Director Re-Elections: Isabella Ocholla Wilson and George Maina were re-elected as directors; so was lawyer Michael Somen who required was an extra vote since he is over the age of 70 years He’s the Chairman of Access Kenya, but it seems NIC have a habit of de-emphasizing their directors board positions on other companies

Bonus share : The next motion, for NIC shareholders to receive 1 new bonus share for each 9 they own produced the first unscripted moment of the day and the hot button issue was again – rogue stockbrokers – three different shareholders asked the same question – i.e. NIC was giving them a bonus share, which they would be forced to take to a stockbroker who may sell this shares without their knowledge, or collapse with their shares/funds. The Chairman replied NIC Bank now had their own stockbrokerage firm NIC capital Securities where their shares would be safe. The war by banks against stockbrokers is still being waged in public – and a few days ago it was Equity Bank shareholders who were being given the same message –that their shares were safer with the strong commercial banks that they know and own, rather than with some small stockbroker

Purchase of 51% of S&F Bank: NIC is purchasing 51% of Savings & Finance, a Tanzanian Bank for a total cost of Kshs. 580 million (~$7.25 million). Continuing part of expansion and diversification since their 2007 rights issue that has seen them open branches in Kenya, an now make a cross-border investment; the vote brought out the most questions of the day;

Q. exchange rate change since deal was announced; why is some payment in Tanzania shillings and some in US$?
– mix of currencies is s how the Tanzanian owners requested it be paid. – the shillings is weaker and they are now paying about 2.1x book value compared to 1.9x earlier. Also some S&F shareholders live outside Tanzania
Q. The owners seem to be family/private individuals:
– True most companies start with individual shareholders only – and the institutional shareholder is the East African Development Bank. S&F was started in the 1990’s and its origins were in hire purchase business are similar to NIC. The shareholders with 49% are also going to be re-investing the NIC money in the banking, not taking it out.
Q. why is the bank attractive? Is it a leading bank in Tanzania – where does it rank?
– Tanzania has 28 banks and S&F would be between no 15 and 20. NIC felt they would get best value by acquiring a small bank and driving its growth. NIC directors did their due diligence, have observed S&F operations, got transaction advice and confidential banking reports from Tanzanian regulators confirming the bank was a good buy. It has 3 branches in Aruaha, Dar es Salaam and Mwanza which are all key trading points. MD added that – NIC was not the only suitor interested in S&F.
Q. How will it be run?
– S&F will have 7 board members – 4 nominated by NIC (including the MD’s post) and 3 by S&F (including the Chairman’s post – Abdulsultan Jamal). NIC have opted to retain the current Tanzanian MD – Suranjan Ghosh, Mark Bomani (former Tanzania attorney general) and Andrew Ndegwa (Kenyan NIC director) and James Macharia (Kenyan NIC managing director) as their four nominees.
Q. Other Kenyan banks have focused on Rwanda Uganda and Sudan- why Tanzanian (which has not been receptive to other Kenyan companies
-Chairman replied that Kenyans were the biggest investor in Tanzania (excluding the mining sector). Also in terms of diversification, the election violence of 2008 affected Kenya, Uganda and Rwanda equally – since countries were on same trade route! However Tanzania was a completely different market. A large untapped country with great agricultural and resource potential. Many NIC customers do business there already.
Q. Deal wrap up?
– Approval has been got from Central Banks of Kenya and Tanzania. After NIC shareholders voted to approve the deals, it is now expected to be wrapped up on Monday next week and S&F will become a subsidiary with their accounts consolidated in NIC’s from next month.

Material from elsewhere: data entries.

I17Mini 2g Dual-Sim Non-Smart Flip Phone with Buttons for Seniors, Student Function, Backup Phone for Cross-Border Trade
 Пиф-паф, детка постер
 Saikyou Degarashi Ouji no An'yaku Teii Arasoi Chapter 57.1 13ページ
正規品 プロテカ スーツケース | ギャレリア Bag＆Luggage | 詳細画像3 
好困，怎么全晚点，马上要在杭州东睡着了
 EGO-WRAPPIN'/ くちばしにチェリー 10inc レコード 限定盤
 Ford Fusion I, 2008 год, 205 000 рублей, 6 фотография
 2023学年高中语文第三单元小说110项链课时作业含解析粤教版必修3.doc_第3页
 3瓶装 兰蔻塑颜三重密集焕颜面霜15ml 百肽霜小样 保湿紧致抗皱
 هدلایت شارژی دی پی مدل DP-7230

Goodies: a souvenir wall clock

– Smart NIC had a boxed lunch served to shareholders (much easier to manage than any buffet and needs fewer catering staff). each box had cold roast chicken piece, beef sandwich, juice, water bottle, cupcake, and an apple.

New Rules for Nairobi Stockbrokers

stockbrokers to remain hidden

The Kenya Capital Markets Authority (CMA) has published new rules at its website on how they propose to regulate stockbrokers. They have also published proposed rules for Kenya real estate investment trusts – a.k.a. REIT’s as they are called.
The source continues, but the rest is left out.